I'm working in an office with Real Estate developers who are using SketchUp to create concepts and then Enscape with VR to immerse in that experience. This is now evolving into using VR to demonstrate to potential investors what a development would look like and also to test out modifications. I would really like to make it possible to create a composite video of the person using VR with the render, some people call this "Mixed Reality". This is not to be confused with Windows MR Headsets, it is different, we use Vive Pro.
In game development there is an SDK called LIV that is essentially a Unity (or Unreal) asset that you add to your project and it automatically adds the cameras, makes them tracked and connects to the LIV compositor. The most common format is to take a camera, control its pose using an HTC Vive tracker and then calibrate the transform from tracker pose to camera Pose. This way if the tracker moves, the camera follows. The compositor then has a "quadrant view" that splits the camera into a few channels, One is the third person background, another is Foreground, then there is an Alpha channel that tells the compositor what parts of the foreground should be transparent. Finally they put the first person view in the bottom right quadrant in case you want to have a Picture in Picture with first person view.
I think that an Enscape integration could be similar but also has some differences. This is primarily because of scale, buildings are large so having a 1:1 relationship of tracker location to camera location would not really give a good perspective. Instead there would need to be a "Virtual Zoom" component where the tracker position would dictate the "look at" position of the camera but the radial distance of the camera from the person can can some multiple. We would then need to scale the image from the camera according to virtual zoom.

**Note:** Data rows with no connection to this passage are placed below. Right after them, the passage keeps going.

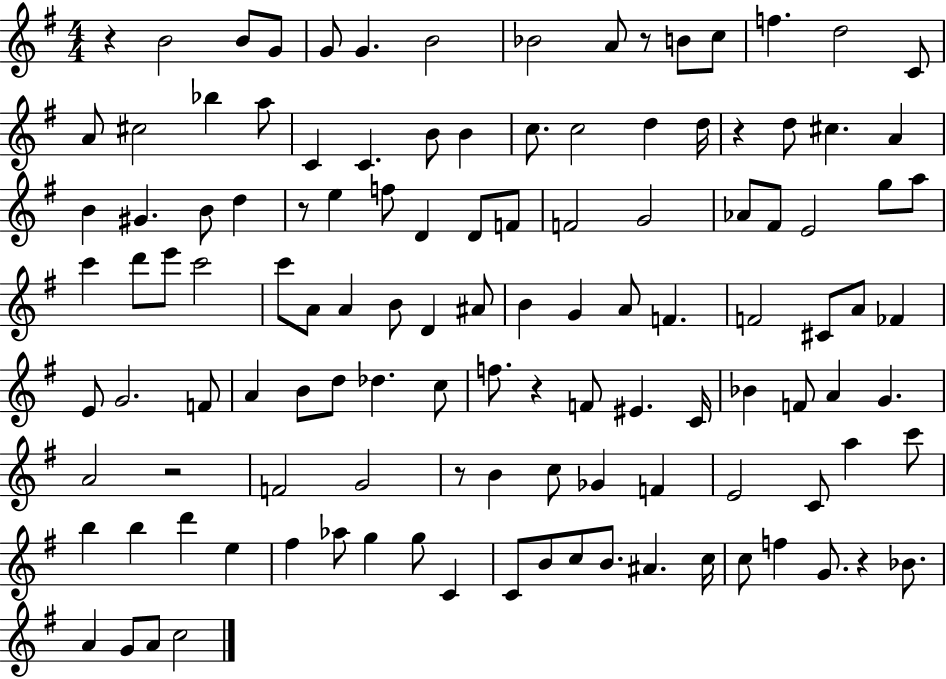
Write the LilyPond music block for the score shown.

{
  \clef treble
  \numericTimeSignature
  \time 4/4
  \key g \major
  r4 b'2 b'8 g'8 | g'8 g'4. b'2 | bes'2 a'8 r8 b'8 c''8 | f''4. d''2 c'8 | \break a'8 cis''2 bes''4 a''8 | c'4 c'4. b'8 b'4 | c''8. c''2 d''4 d''16 | r4 d''8 cis''4. a'4 | \break b'4 gis'4. b'8 d''4 | r8 e''4 f''8 d'4 d'8 f'8 | f'2 g'2 | aes'8 fis'8 e'2 g''8 a''8 | \break c'''4 d'''8 e'''8 c'''2 | c'''8 a'8 a'4 b'8 d'4 ais'8 | b'4 g'4 a'8 f'4. | f'2 cis'8 a'8 fes'4 | \break e'8 g'2. f'8 | a'4 b'8 d''8 des''4. c''8 | f''8. r4 f'8 eis'4. c'16 | bes'4 f'8 a'4 g'4. | \break a'2 r2 | f'2 g'2 | r8 b'4 c''8 ges'4 f'4 | e'2 c'8 a''4 c'''8 | \break b''4 b''4 d'''4 e''4 | fis''4 aes''8 g''4 g''8 c'4 | c'8 b'8 c''8 b'8. ais'4. c''16 | c''8 f''4 g'8. r4 bes'8. | \break a'4 g'8 a'8 c''2 | \bar "|."
}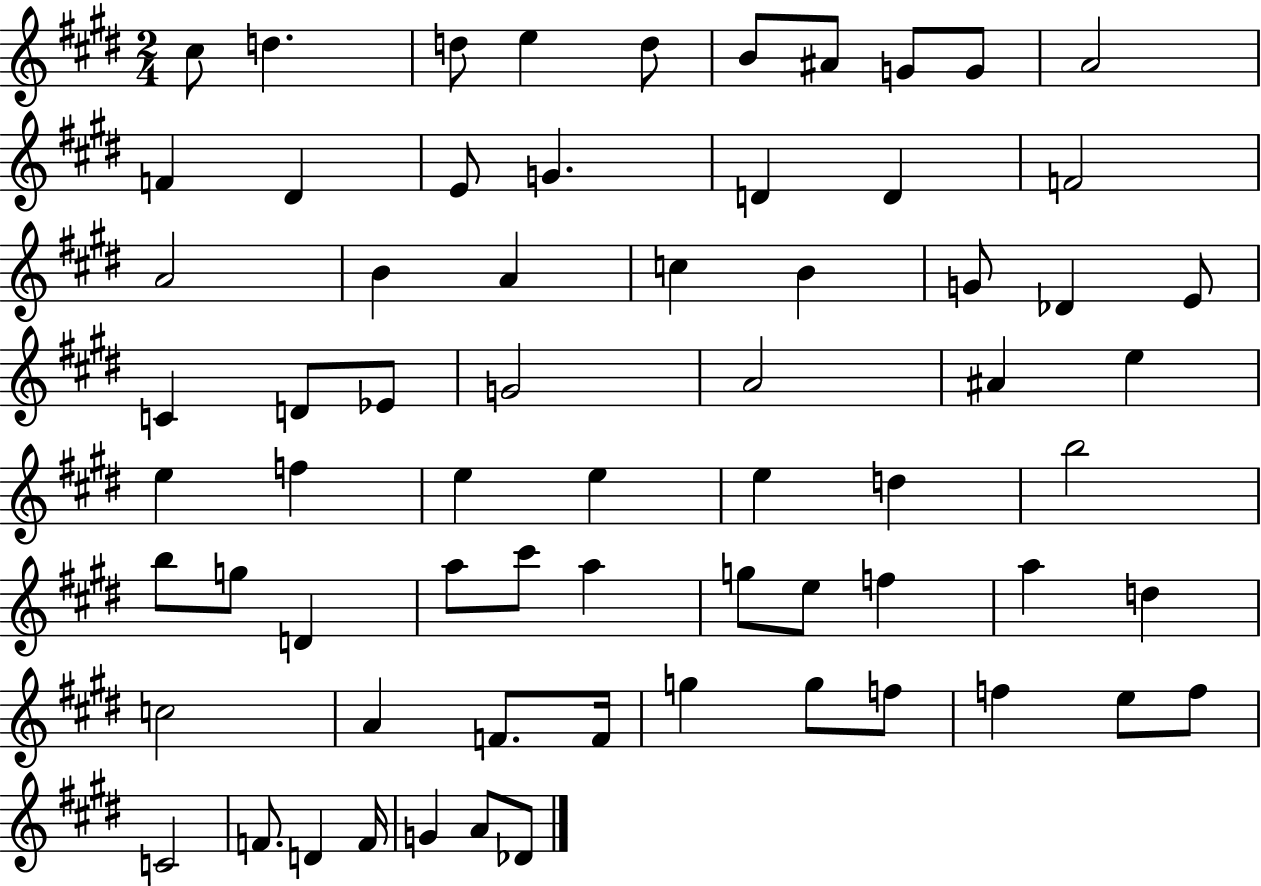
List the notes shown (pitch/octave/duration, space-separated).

C#5/e D5/q. D5/e E5/q D5/e B4/e A#4/e G4/e G4/e A4/h F4/q D#4/q E4/e G4/q. D4/q D4/q F4/h A4/h B4/q A4/q C5/q B4/q G4/e Db4/q E4/e C4/q D4/e Eb4/e G4/h A4/h A#4/q E5/q E5/q F5/q E5/q E5/q E5/q D5/q B5/h B5/e G5/e D4/q A5/e C#6/e A5/q G5/e E5/e F5/q A5/q D5/q C5/h A4/q F4/e. F4/s G5/q G5/e F5/e F5/q E5/e F5/e C4/h F4/e. D4/q F4/s G4/q A4/e Db4/e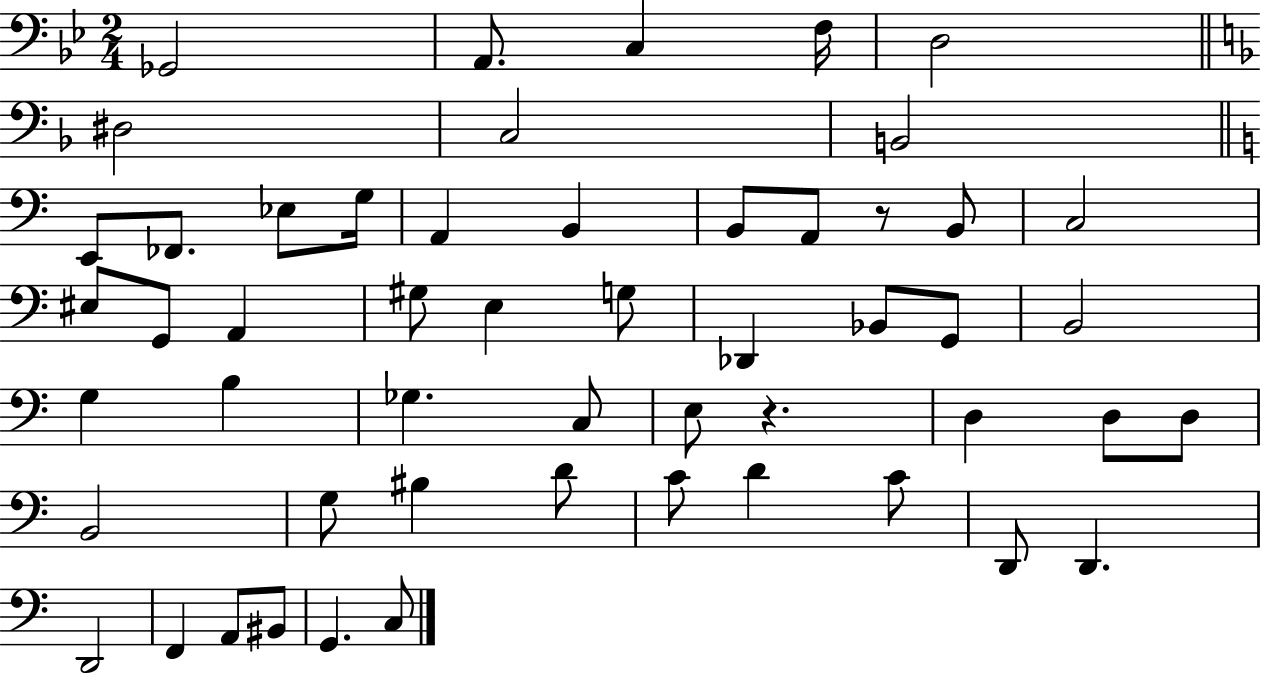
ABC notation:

X:1
T:Untitled
M:2/4
L:1/4
K:Bb
_G,,2 A,,/2 C, F,/4 D,2 ^D,2 C,2 B,,2 E,,/2 _F,,/2 _E,/2 G,/4 A,, B,, B,,/2 A,,/2 z/2 B,,/2 C,2 ^E,/2 G,,/2 A,, ^G,/2 E, G,/2 _D,, _B,,/2 G,,/2 B,,2 G, B, _G, C,/2 E,/2 z D, D,/2 D,/2 B,,2 G,/2 ^B, D/2 C/2 D C/2 D,,/2 D,, D,,2 F,, A,,/2 ^B,,/2 G,, C,/2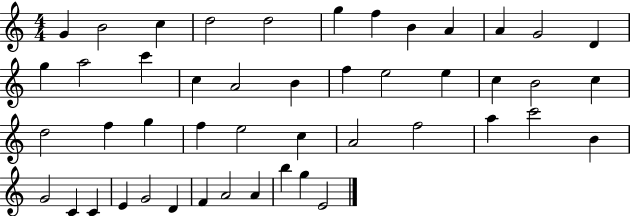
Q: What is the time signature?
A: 4/4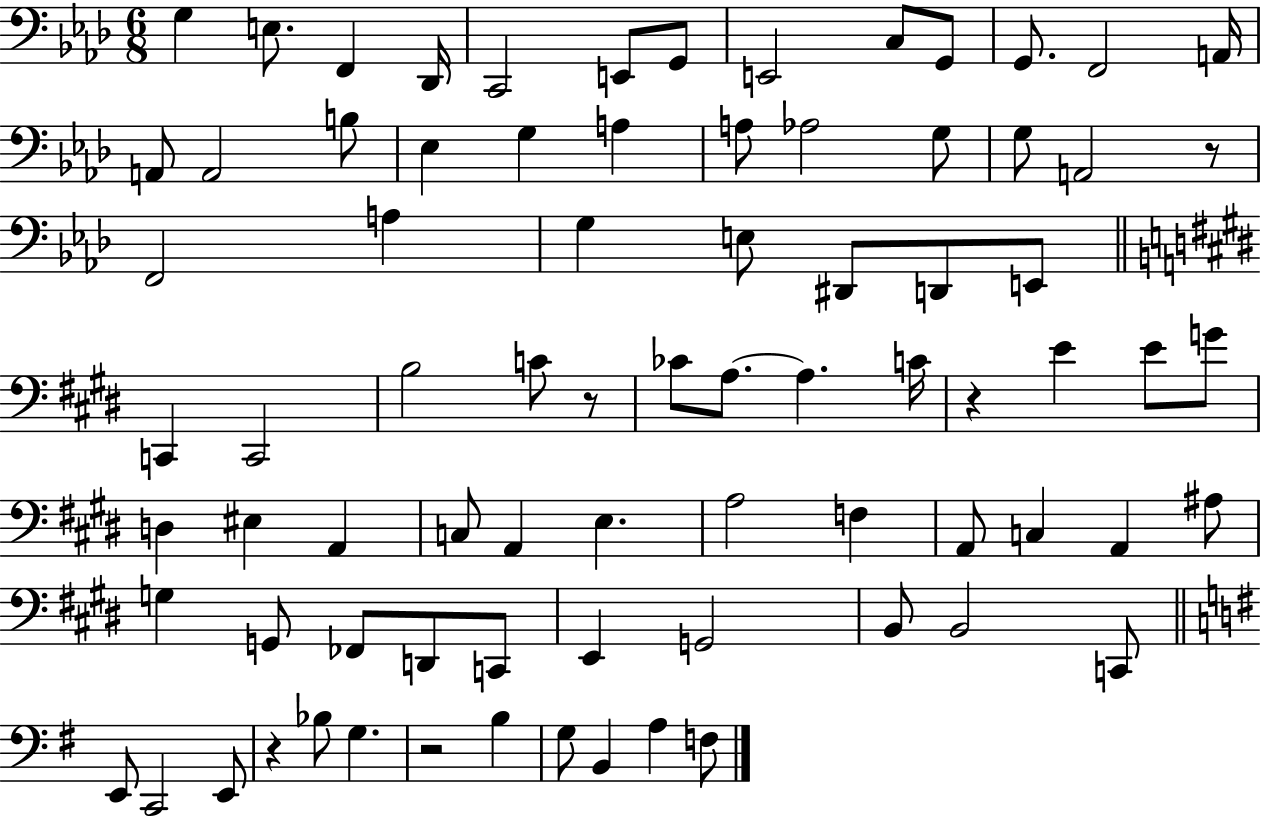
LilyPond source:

{
  \clef bass
  \numericTimeSignature
  \time 6/8
  \key aes \major
  g4 e8. f,4 des,16 | c,2 e,8 g,8 | e,2 c8 g,8 | g,8. f,2 a,16 | \break a,8 a,2 b8 | ees4 g4 a4 | a8 aes2 g8 | g8 a,2 r8 | \break f,2 a4 | g4 e8 dis,8 d,8 e,8 | \bar "||" \break \key e \major c,4 c,2 | b2 c'8 r8 | ces'8 a8.~~ a4. c'16 | r4 e'4 e'8 g'8 | \break d4 eis4 a,4 | c8 a,4 e4. | a2 f4 | a,8 c4 a,4 ais8 | \break g4 g,8 fes,8 d,8 c,8 | e,4 g,2 | b,8 b,2 c,8 | \bar "||" \break \key e \minor e,8 c,2 e,8 | r4 bes8 g4. | r2 b4 | g8 b,4 a4 f8 | \break \bar "|."
}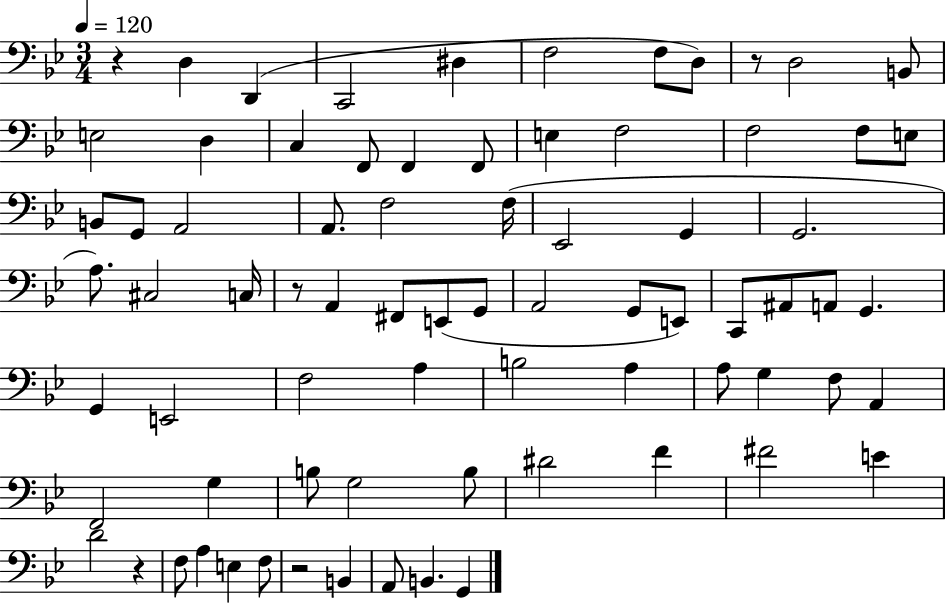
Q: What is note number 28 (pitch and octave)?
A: G2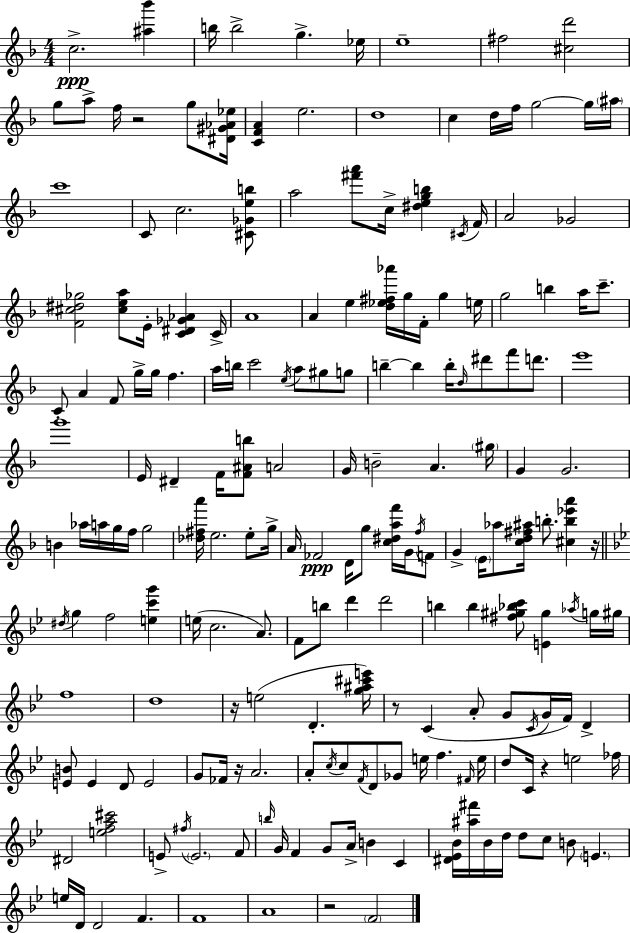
{
  \clef treble
  \numericTimeSignature
  \time 4/4
  \key f \major
  \repeat volta 2 { c''2.->\ppp <ais'' bes'''>4 | b''16 b''2-> g''4.-> ees''16 | e''1-- | fis''2 <cis'' d'''>2 | \break g''8 a''8-> f''16 r2 g''8 <dis' gis' aes' ees''>16 | <c' f' a'>4 e''2. | d''1 | c''4 d''16 f''16 g''2~~ g''16 \parenthesize ais''16 | \break c'''1 | c'8 c''2. <cis' ges' e'' b''>8 | a''2 <fis''' a'''>8 c''16-> <dis'' e'' g'' b''>4 \acciaccatura { cis'16 } | f'16 a'2 ges'2 | \break <f' cis'' dis'' ges''>2 <cis'' e'' a''>8 e'16-. <c' dis' ges' aes'>4 | c'16-> a'1 | a'4 e''4 <d'' ees'' fis'' aes'''>16 g''16 f'16-. g''4 | e''16 g''2 b''4 a''16 c'''8.-- | \break c'8-. a'4 f'8 g''16-> g''16 f''4. | a''16 b''16 c'''2 \acciaccatura { e''16 } a''8 gis''8 | g''8 b''4--~~ b''4 b''16-. \grace { d''16 } dis'''8 f'''8 | d'''8. e'''1 | \break g'''1 | e'16 dis'4-- f'16 <f' ais' b''>8 a'2 | g'16 b'2-- a'4. | \parenthesize gis''16 g'4 g'2. | \break b'4 aes''16 a''16 g''16 f''16 g''2 | <des'' fis'' a'''>16 e''2. | e''8-. g''16-> a'16 fes'2\ppp d'16 g''8 <c'' dis'' a'' f'''>16 | g'16 \acciaccatura { f''16 } f'8 g'4-> \parenthesize e'16 aes''8 <c'' d'' fis'' ais''>16 b''8.-. <cis'' b'' ees''' a'''>4 | \break r16 \bar "||" \break \key bes \major \acciaccatura { dis''16 } g''4 f''2 <e'' c''' g'''>4 | e''16( c''2. a'8.) | f'8 b''8 d'''4 d'''2 | b''4 b''4 <fis'' gis'' bes'' c'''>8 <e' gis''>4 \acciaccatura { aes''16 } | \break g''16 gis''16 f''1 | d''1 | r16 e''2( d'4.-. | <g'' ais'' cis''' e'''>16) r8 c'4( a'8-. g'8 \acciaccatura { c'16 } g'16 f'16) d'4-> | \break <e' b'>8 e'4 d'8 e'2 | g'8 fes'16 r16 a'2. | a'8-. \acciaccatura { c''16 } c''8 \acciaccatura { f'16 } d'8 ges'8 e''16 f''4. | \grace { fis'16 } e''16 d''8 c'16 r4 e''2 | \break fes''16 dis'2 <e'' f'' a'' cis'''>2 | e'8-> \acciaccatura { fis''16 } \parenthesize e'2. | f'8 \grace { b''16 } g'16 f'4 g'8 a'16-> | b'4 c'4 <dis' ees' bes'>16 <ais'' fis'''>16 bes'16 d''16 d''8 c''8 | \break b'8 \parenthesize e'4. e''16 d'16 d'2 | f'4. f'1 | a'1 | r2 | \break \parenthesize f'2 } \bar "|."
}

In any case, moving forward with VR integration, I think that this would be a very useful feature because now it allows the observers not in VR to have more empathy for the experience.
By the way, in the sort term all of the features above are really nice to haves, even using the tracker. Even if there was just a thrid person camera added that always "looked at" the person in VR was controlled by the keyboard, that would be minimum viable. Also the quadrant view is optional, for models of this scale I think that having just background image would be MVP.